At over 300 feet tall, this towering green and yellow landmark is an unmissable feature of Singapore’s Chinatown. With space for shopping, restaurants, and residential apartments, the 31-storey modernist structure from famed Singaporean architect William Lim is a testament to collective social living and urban regeneration.
The complex was built on the grounds of the former People’s Park Market, once a large urban park framed by an impromptu network of shopping and street-food vendors, beloved by the area’s working class as a social and commercial hub. The Singaporean government, however, deemed the organic, unregulated market unsanitary, and in 1966 a fire razed the long-loved but ramshackle institution.
Lim’s firm won the contract for redevelopment, and by 1970, had completed an impressive lower level designated for commerce. By 1973, a dizzying vertical stack of apartment spaces was completed above the shopping space; for a time, the modernist complex was the tallest residential building in the country. Seamlessly housing commercial and residential space, it was also an early example of multi-use building projects in Southeast Asia.

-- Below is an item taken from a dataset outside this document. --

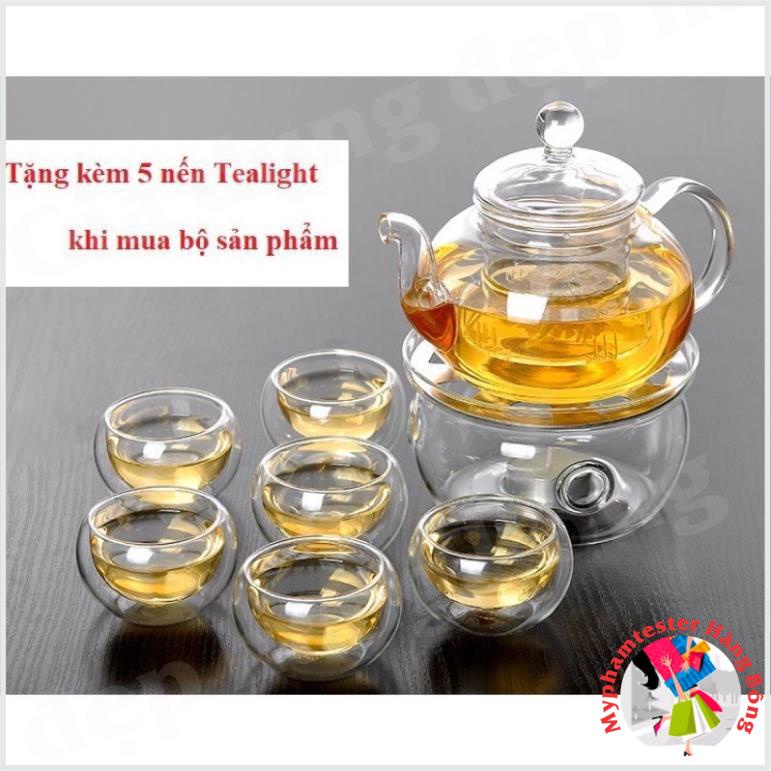 (HÀNG ĐẸP) combo ấm+ chén 2 lớp+ lọ chè vải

People’s Park Complex was never meant to change the Singaporeans lifestyles, but rather to make new space for existing customs. Not only does the building host accessible, sociable commerce as in the days of the old patchwork market, but in its heyday also hosted government events, performances, and fashion shows as well. The project harnesses the power of urban connectivity, with covered concrete bridges linking nearby neighborhoods to the building’s shopping center.
Know Before You Go
The residential block is off-limits to the public, but the deck can be accessed via staircases located on the third floor.